I come away from the opener “Steady as Footprints” convinced that Glickman is every bit as skilled of a lyricist as he is a composer. Despite favoring the instrumental side of the ledger much more than the verbal, “Steady as Footprints” nonetheless powers through on the back of its extraordinary balance between these elements. It’s almost ten minutes long, but never wearies you. The biggest, though not only, reason why is that Glickman’s capacity for musical invention never wavers.
“Color Fields” adopts a similar tact, but it’s much more condensed. We lose nothing of his arranging and melodic power, however, even in a smaller frame. The warm and in-your-face sound of his piano is, for me, the defining character of this release and it never fades. “Color Fields” is one of the most unique unions of that sound and the impassioned voice that the album offers. Transitioning from this into “Secrets of the Sages” is one of the release’s high points. This track deserves special note for how closely the singing and the piano work adhere to one another without overshadowing the other.

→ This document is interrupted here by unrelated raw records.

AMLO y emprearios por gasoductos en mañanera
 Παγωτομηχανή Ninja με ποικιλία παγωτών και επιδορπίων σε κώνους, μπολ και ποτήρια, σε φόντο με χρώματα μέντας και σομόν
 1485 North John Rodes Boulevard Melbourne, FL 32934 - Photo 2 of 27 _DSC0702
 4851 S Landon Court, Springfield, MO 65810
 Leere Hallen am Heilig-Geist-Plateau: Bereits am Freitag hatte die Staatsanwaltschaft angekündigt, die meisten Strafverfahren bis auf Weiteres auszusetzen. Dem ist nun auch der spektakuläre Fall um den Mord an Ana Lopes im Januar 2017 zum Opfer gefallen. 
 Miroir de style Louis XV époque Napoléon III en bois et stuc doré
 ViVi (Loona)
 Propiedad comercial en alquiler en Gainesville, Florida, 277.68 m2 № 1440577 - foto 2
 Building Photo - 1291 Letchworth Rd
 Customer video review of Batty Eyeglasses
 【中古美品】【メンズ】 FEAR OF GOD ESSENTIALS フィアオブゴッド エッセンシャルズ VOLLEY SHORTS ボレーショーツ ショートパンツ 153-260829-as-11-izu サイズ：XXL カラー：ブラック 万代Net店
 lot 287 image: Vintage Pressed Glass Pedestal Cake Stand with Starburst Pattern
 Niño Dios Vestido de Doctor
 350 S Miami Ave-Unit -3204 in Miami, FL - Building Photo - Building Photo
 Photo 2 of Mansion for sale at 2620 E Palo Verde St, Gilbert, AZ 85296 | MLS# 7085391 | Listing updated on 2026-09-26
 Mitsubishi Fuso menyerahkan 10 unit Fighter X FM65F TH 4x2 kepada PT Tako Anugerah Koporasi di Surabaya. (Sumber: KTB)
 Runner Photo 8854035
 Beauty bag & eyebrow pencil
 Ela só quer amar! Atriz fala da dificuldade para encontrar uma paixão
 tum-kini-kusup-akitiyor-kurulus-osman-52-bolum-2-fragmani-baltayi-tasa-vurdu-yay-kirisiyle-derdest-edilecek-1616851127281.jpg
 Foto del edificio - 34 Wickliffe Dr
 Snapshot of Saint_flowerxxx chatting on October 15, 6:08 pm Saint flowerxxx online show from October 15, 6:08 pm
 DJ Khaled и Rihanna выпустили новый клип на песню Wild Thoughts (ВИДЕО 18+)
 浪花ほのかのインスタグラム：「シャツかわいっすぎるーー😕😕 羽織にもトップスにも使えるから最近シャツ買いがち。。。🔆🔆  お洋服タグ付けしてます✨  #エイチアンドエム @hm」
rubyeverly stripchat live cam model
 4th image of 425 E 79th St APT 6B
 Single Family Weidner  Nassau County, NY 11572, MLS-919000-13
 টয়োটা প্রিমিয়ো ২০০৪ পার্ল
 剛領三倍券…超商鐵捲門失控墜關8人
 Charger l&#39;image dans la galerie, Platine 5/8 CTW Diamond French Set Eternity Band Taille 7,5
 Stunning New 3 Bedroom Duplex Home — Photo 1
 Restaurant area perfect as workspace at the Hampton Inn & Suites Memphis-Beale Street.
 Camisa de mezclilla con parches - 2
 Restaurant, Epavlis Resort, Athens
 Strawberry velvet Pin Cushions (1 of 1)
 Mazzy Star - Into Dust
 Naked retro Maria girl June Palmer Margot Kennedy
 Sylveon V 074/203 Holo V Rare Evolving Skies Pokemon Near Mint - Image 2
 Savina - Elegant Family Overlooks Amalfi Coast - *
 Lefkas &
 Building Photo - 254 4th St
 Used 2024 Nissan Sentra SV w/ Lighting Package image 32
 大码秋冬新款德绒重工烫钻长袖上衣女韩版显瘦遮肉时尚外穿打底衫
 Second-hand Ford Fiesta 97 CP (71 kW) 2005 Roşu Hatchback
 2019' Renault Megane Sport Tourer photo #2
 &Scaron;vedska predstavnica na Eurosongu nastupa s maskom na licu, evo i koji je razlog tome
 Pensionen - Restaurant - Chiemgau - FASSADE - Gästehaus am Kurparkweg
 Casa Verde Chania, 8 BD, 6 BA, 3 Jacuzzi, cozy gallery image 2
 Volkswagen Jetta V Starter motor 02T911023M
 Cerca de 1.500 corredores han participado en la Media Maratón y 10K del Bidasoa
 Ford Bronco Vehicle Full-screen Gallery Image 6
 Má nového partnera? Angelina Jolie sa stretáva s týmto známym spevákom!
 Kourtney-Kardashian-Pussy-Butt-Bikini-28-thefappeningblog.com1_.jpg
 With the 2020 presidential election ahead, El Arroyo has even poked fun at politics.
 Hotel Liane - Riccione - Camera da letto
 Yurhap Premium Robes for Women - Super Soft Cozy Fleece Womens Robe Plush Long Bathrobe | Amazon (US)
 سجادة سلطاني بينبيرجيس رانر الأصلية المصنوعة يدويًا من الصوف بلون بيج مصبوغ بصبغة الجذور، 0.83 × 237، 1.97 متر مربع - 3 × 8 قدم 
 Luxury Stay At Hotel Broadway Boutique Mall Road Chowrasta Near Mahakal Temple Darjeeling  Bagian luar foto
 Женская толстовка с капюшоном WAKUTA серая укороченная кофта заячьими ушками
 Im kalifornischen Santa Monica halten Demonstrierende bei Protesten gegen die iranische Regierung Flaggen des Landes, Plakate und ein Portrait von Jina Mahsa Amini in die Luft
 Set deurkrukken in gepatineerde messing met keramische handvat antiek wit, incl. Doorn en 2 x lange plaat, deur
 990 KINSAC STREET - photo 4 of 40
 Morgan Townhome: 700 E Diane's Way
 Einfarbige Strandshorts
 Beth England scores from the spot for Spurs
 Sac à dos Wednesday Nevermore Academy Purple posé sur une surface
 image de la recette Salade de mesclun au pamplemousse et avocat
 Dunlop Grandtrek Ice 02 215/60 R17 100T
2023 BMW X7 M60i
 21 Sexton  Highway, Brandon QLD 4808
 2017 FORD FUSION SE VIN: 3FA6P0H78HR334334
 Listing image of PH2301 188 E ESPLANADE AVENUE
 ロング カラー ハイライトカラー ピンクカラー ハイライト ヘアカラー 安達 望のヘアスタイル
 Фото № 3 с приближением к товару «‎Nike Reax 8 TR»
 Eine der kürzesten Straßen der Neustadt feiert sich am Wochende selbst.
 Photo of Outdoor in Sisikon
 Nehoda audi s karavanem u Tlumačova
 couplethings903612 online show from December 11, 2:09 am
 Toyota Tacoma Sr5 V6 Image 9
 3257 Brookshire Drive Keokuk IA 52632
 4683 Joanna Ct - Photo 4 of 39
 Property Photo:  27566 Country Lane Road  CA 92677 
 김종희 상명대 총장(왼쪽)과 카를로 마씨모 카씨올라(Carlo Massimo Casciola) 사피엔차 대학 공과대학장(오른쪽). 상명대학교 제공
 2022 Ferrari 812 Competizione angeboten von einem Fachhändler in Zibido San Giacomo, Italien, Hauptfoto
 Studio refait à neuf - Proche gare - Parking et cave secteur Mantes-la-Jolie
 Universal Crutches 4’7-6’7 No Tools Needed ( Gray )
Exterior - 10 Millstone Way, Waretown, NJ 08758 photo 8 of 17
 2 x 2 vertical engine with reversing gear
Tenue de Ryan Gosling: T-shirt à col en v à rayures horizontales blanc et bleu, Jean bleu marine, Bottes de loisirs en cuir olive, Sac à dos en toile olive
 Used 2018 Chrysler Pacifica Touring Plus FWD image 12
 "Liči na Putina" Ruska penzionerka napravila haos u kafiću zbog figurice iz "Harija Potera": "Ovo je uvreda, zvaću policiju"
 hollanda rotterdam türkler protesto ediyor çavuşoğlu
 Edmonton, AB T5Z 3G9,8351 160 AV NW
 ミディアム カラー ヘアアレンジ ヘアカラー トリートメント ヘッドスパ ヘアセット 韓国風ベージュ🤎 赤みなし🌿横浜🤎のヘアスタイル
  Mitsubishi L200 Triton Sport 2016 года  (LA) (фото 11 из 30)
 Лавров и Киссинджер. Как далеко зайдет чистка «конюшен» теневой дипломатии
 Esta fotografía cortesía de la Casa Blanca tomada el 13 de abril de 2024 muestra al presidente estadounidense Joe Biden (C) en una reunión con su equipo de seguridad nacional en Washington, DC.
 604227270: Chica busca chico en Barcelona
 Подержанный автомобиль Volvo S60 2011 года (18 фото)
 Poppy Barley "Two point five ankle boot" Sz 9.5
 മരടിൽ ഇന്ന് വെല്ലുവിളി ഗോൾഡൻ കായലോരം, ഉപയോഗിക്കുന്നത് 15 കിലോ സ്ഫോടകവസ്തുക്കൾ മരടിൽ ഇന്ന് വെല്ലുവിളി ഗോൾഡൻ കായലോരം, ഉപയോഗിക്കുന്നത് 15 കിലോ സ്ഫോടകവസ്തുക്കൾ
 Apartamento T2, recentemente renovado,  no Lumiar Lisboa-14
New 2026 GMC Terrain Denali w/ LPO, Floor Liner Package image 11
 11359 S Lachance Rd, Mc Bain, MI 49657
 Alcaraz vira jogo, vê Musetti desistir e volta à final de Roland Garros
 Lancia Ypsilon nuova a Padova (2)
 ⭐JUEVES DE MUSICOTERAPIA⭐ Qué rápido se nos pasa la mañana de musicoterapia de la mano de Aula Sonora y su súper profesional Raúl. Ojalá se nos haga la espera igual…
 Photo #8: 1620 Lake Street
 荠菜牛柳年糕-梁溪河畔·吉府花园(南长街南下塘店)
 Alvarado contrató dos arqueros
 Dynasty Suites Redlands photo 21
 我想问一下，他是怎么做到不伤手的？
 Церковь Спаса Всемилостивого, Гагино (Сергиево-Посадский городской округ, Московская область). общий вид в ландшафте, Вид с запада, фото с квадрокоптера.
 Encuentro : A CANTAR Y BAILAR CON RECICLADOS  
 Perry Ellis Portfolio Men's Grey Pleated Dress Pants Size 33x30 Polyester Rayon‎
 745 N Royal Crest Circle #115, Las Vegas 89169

His arranging talents are in full evidence. I am also blown away by his ability to shift between the extended compositional values of songs such as the first track and the shorter, more abbreviated, approach of this song. The bluesy overtones of the track “Maybe It’s For the Best” gain a great deal from the vocal interplay between Glickman and guest singer Darby Sabin. It takes what might be a retro release in the hands of lesser talents and makes it a thoroughly modern listening experience.
He ends the album in grand fashion. I never expected to hear any cover of The Grateful Dead’s “Unbroken Chain” in my life, much less a piano-fueled one such as this that pushes against the twenty-minute mark. It’s worth every second. It’s a song that doesn’t enjoy the same renown as many other Dead cuts, but Glickman never treats it as such. His emotionally affecting piano work carries much of the load, yes, but it’s his singing that puts a final touch on the piece that makes it unforgettable. It’s an ideal closer as well.
I’d recommend this to anyone, not just jam music fans. Matt Glickman isn’t freelancing without rhyme or reason during the extended tracks. Instead, he commands the larger canvas of those numbers with gifts that transform the everyday into something special and breathtaking.